Problem: Give again, exactly and only, the lines running from the one with "Papatya Aplikeli Tunik" to the end of the material below; leave out pictures.

Provided entries:

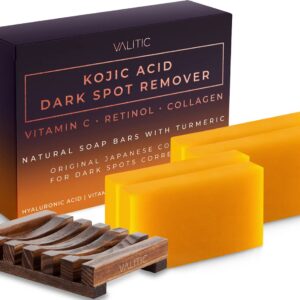 Valitic Kojic Acid Dark Spot Remover Soap Bar with Vitamin C, Retinol, Collagen, Turmeric – Original Japanese Complex – Hyaluronic Acid, Vitamin E, Shea Butter, Castile Oil ( 4 Pack ) With Soap Holder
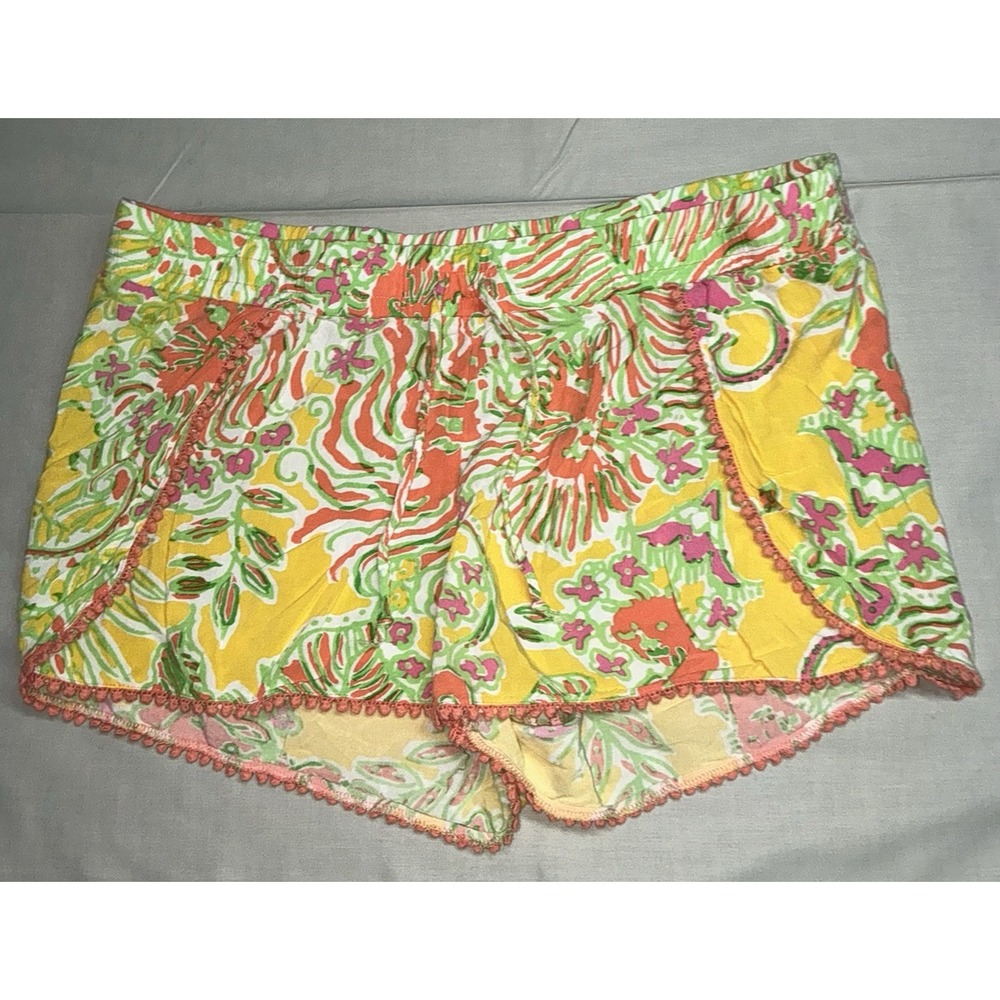 Lilly Pulitzer Target Shorts L Multicolor Tropical Print Pom Trim Elastic Waist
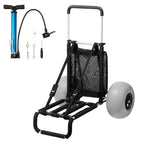 Folding Beach Cart with Balloon Wheels — 165LB Heavy-Duty Sand Cart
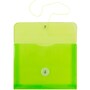JAM Paper Plastic Envelopes with Button and String Tie Closure, Index Booklet, 5.5 x 7.5, Lime Green, 12/Pack (920B1LI)~#|#~sp89839992_sc7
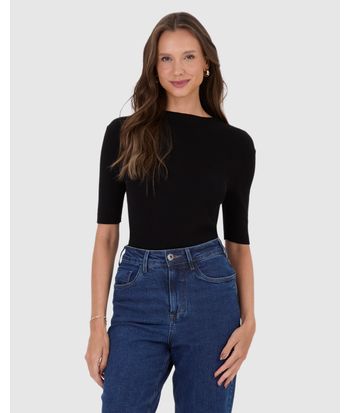 Blusa Básica Feminina Manga 3/4 Em Tricô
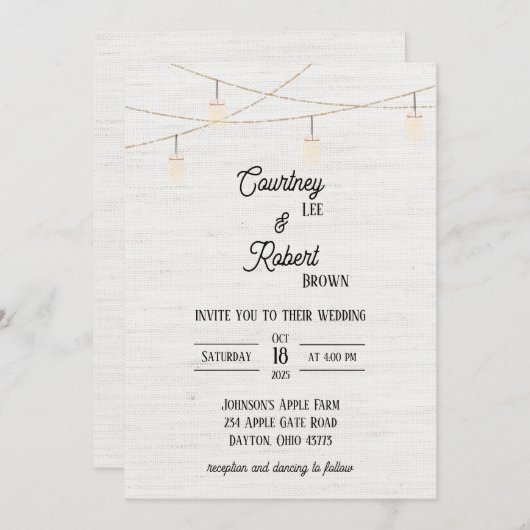 Burlap Rustic Jar bruiloft uitnodiging (Voorkant / Achterkant)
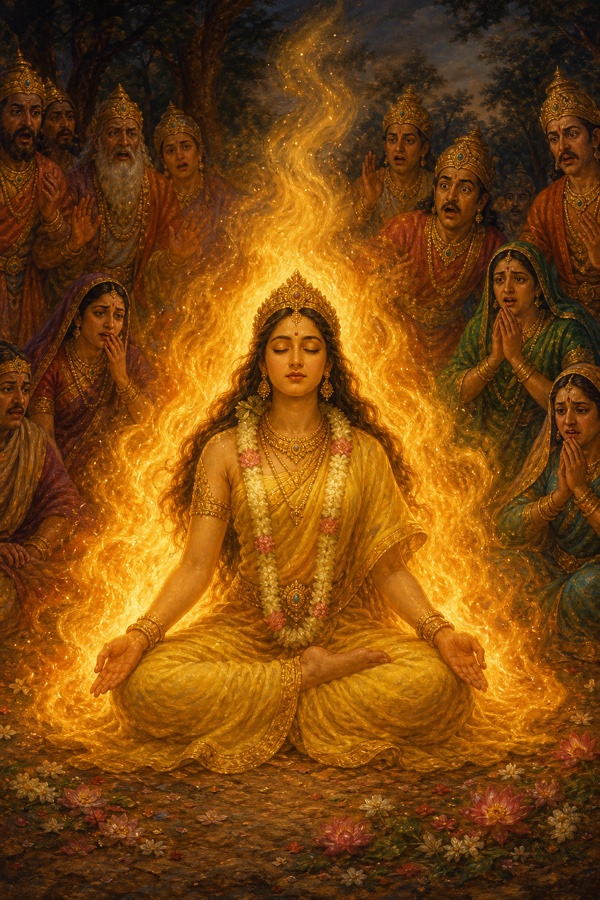 Painterly classical-Indian color illustration: Sati seated firmly on the ground facing north, draped in her yellow garment, eyes closed in deep yogic samadhi; the fire of her own meditation rising from within her body and engulfing her in flames on every side; her face utterly serene and peaceful; stunned onlookers in the background; ethereal gold and orange inner fire.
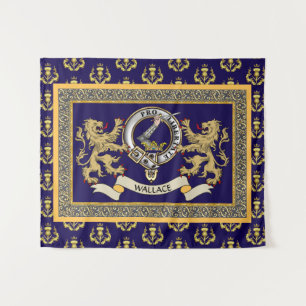 Wallace Clan Badge Personalised Blue Tapestry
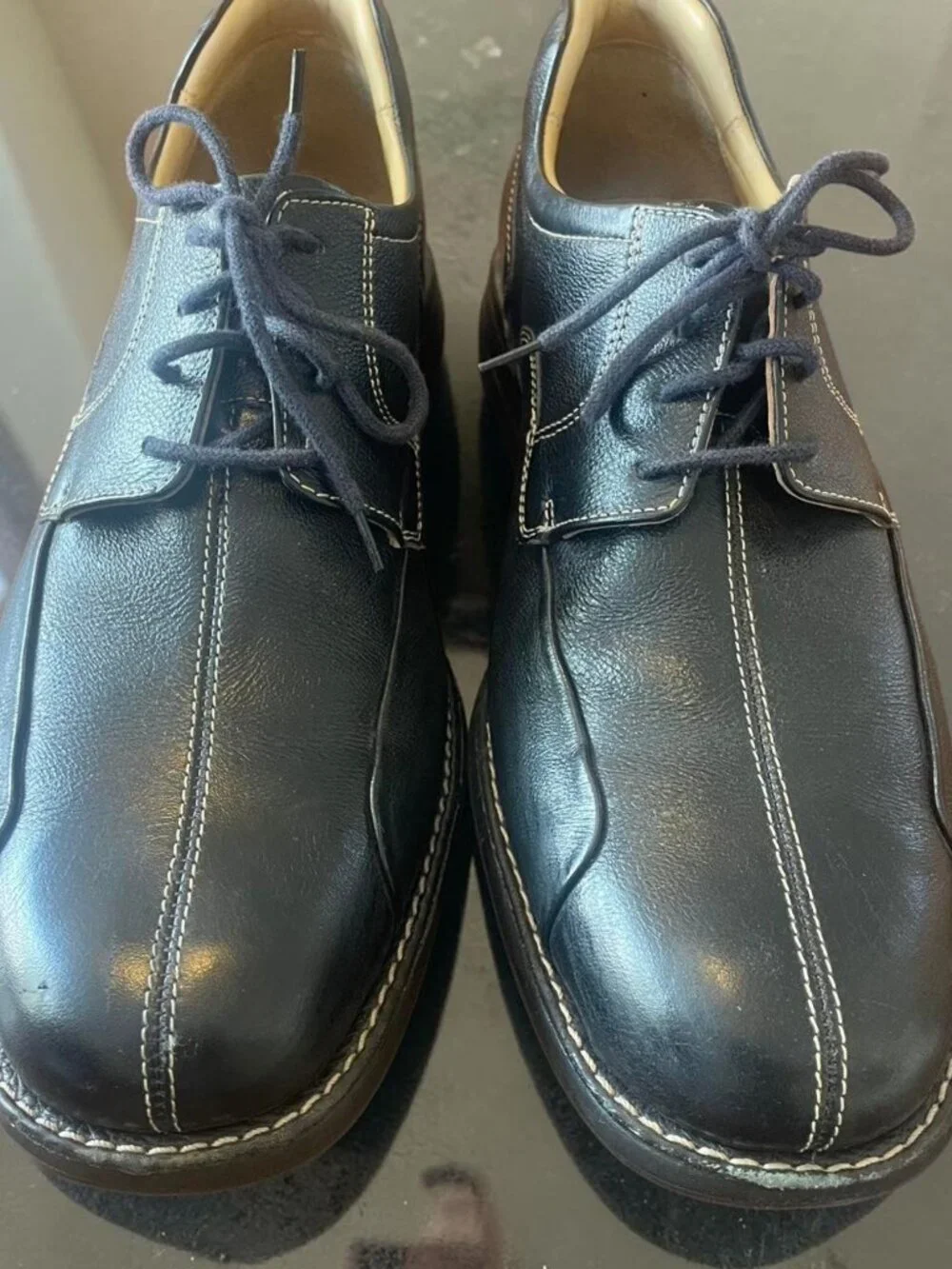 Johnston & Murphy Men's Dress Shoes Black Leather Oxford Split Toe SheepSkin 11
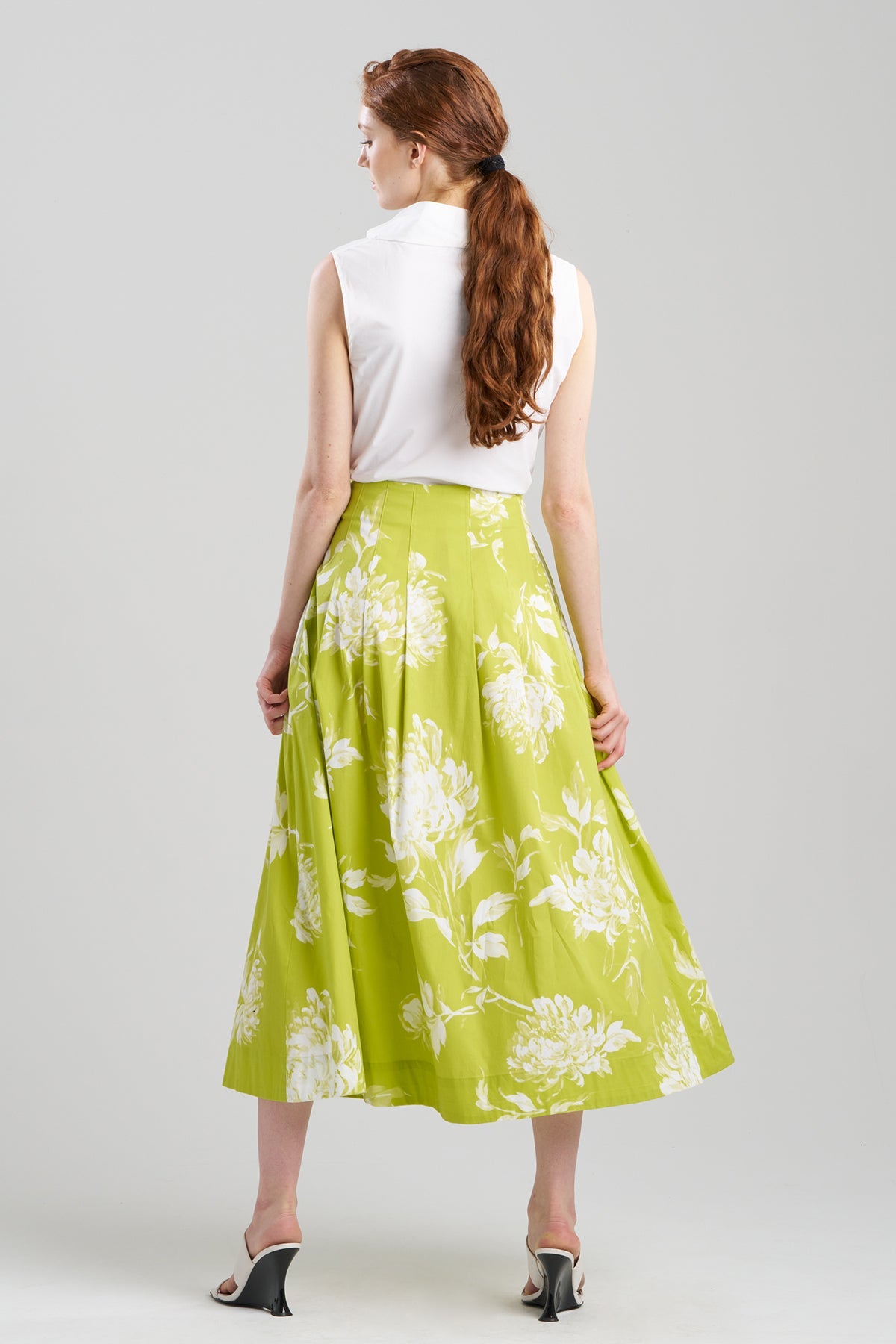 Miyako Printed Cotton Poplin Maxi Skirt Chartreuse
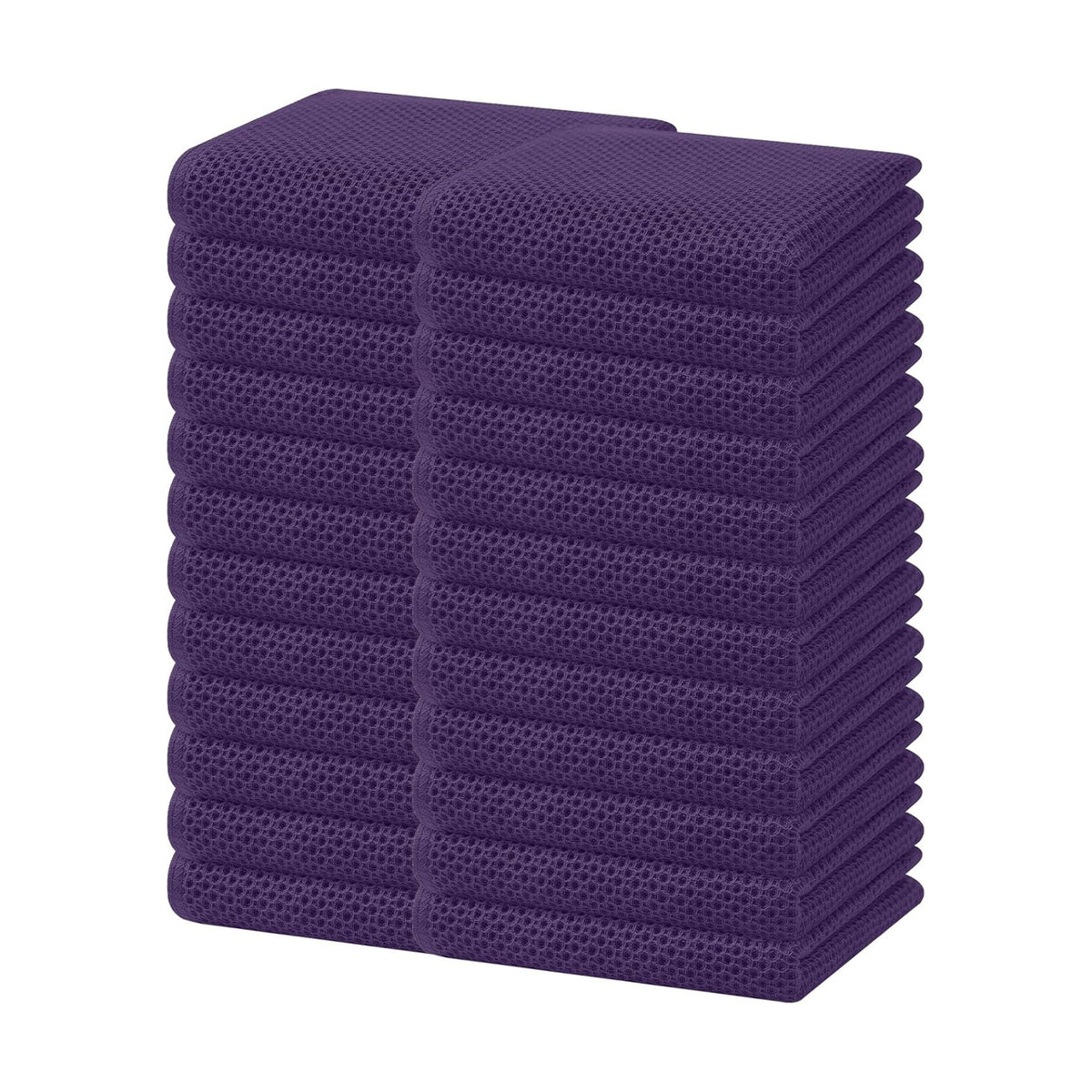 Homaxy 100% Cotton Waffle Weave Kitchen Dish Towels 24-Pack, Eggplant | 13 x 28 Inches, Ultra Soft Absorbent Dish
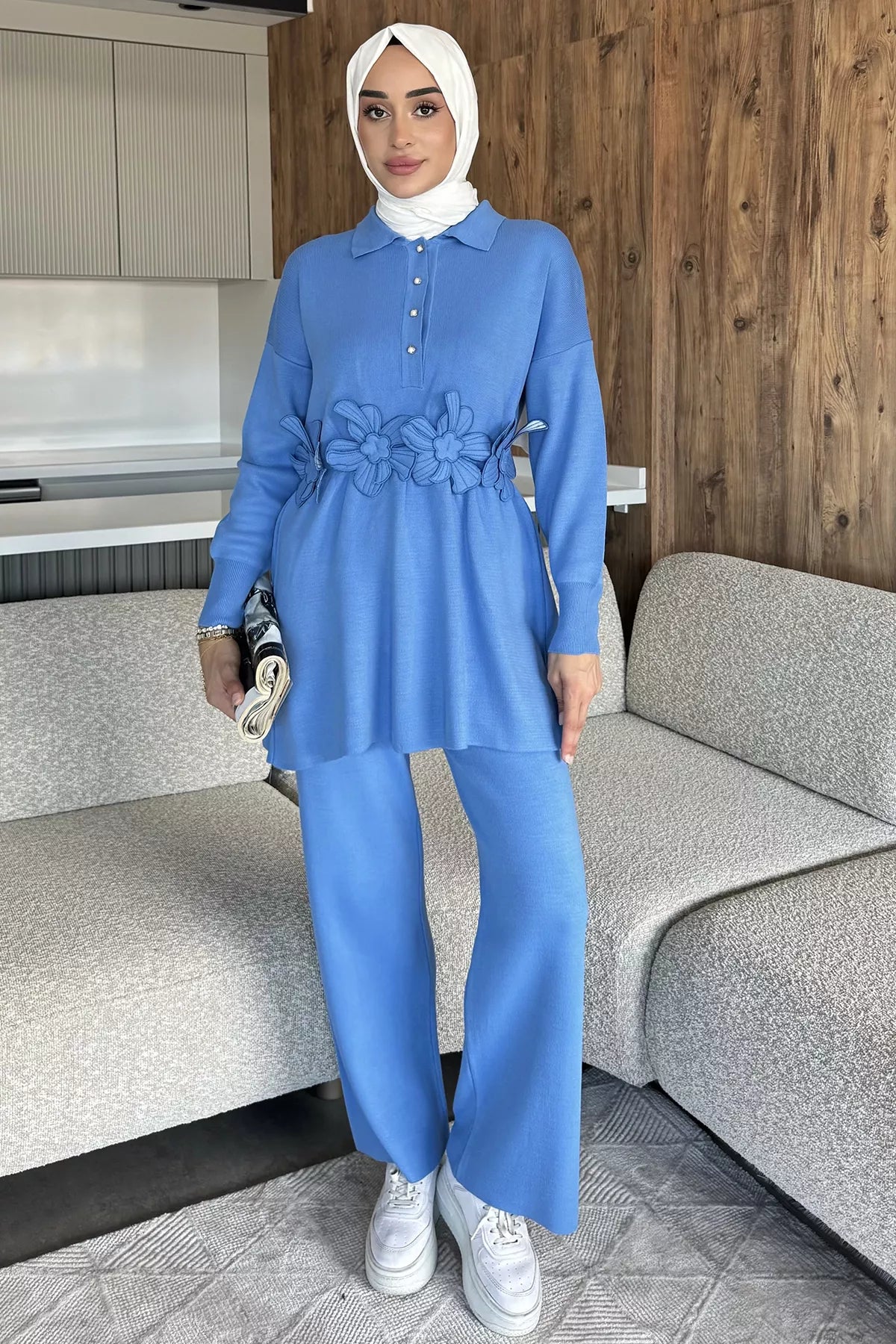 Papatya Aplikeli Tunik Pantolon Triko Tesettür İkili Takım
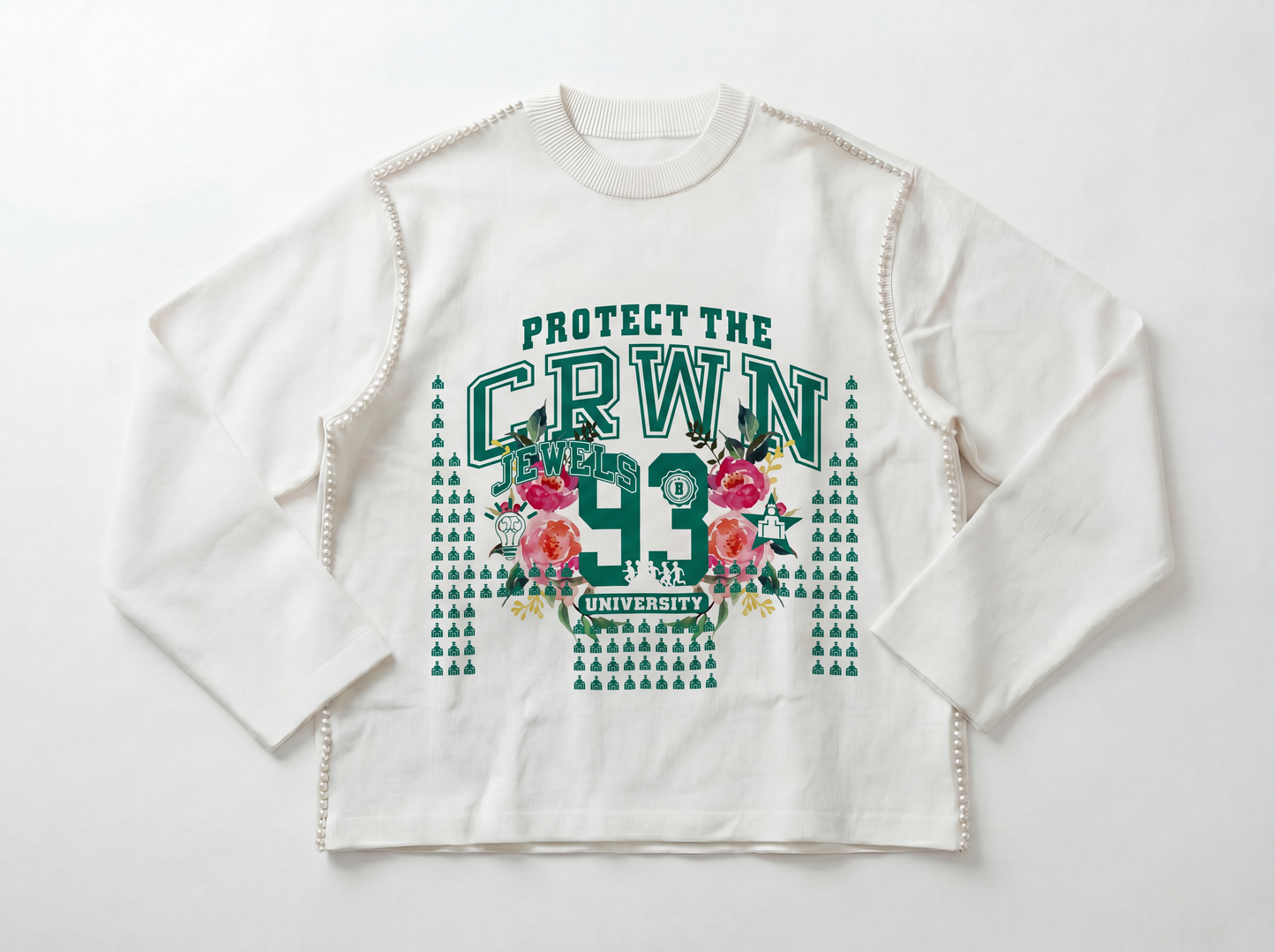 Pearl Trim Protect the Crown Long Sleeve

Response to this task:
 Papatya Aplikeli Tunik Pantolon Triko Tesettür İkili Takım
 Pearl Trim Protect the Crown Long Sleeve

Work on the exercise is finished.